Task brief:
Leave the pictures out. Return the rest of the listing below exactly.

Information supplied:
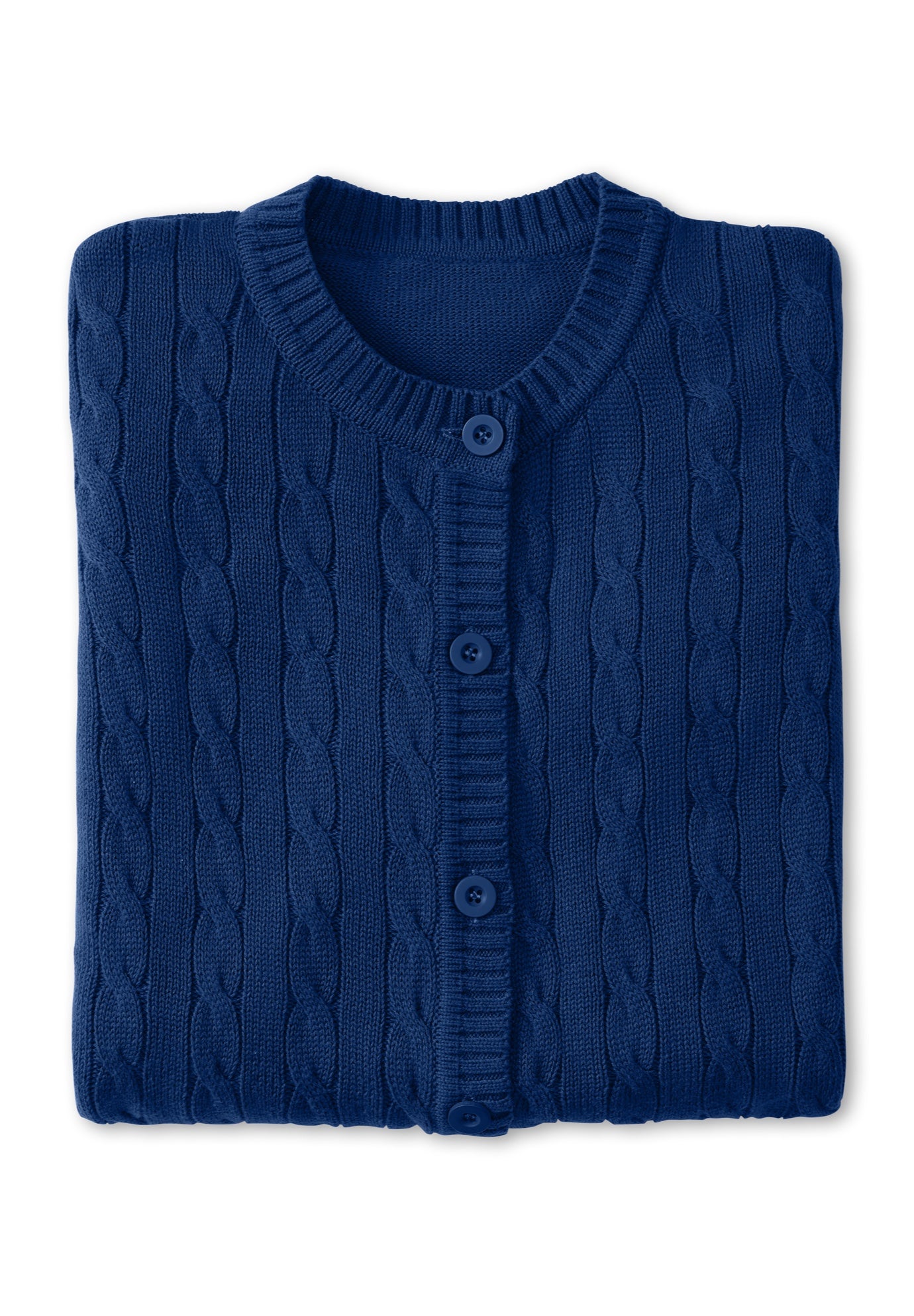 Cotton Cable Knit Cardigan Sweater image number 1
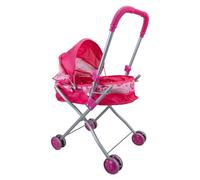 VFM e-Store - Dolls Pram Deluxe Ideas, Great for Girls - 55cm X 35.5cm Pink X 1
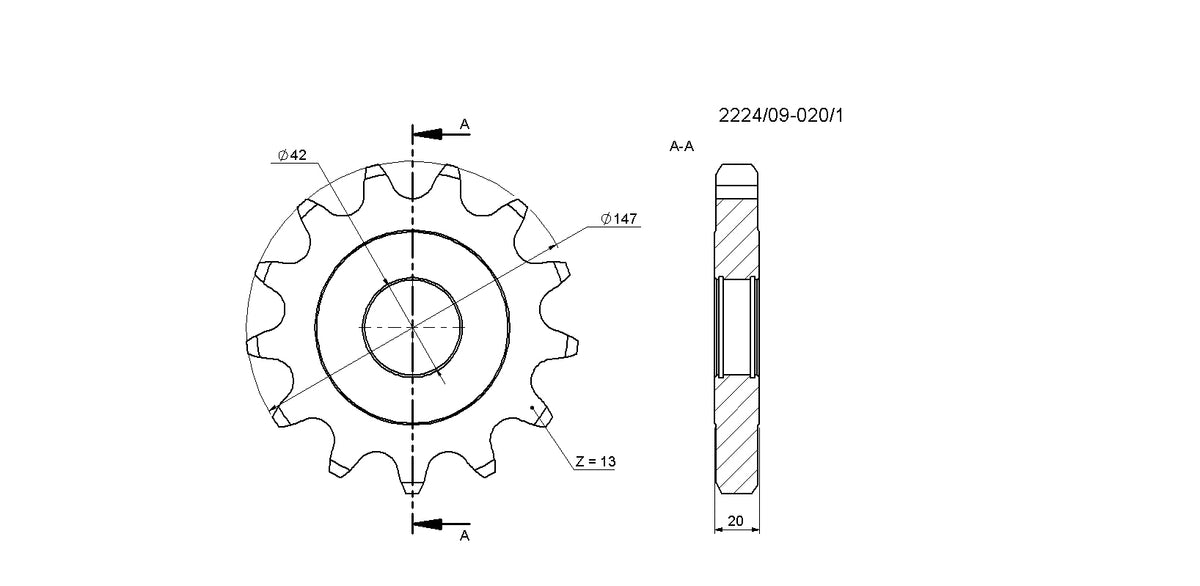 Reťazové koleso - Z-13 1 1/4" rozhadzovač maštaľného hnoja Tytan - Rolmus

Task response:
 Cotton Cable Knit Cardigan Sweater image number 1
 VFM e-Store - Dolls Pram Deluxe Ideas, Great for Girls - 55cm X 35.5cm Pink X 1
 Reťazové koleso - Z-13 1 1/4" rozhadzovač maštaľného hnoja Tytan - Rolmus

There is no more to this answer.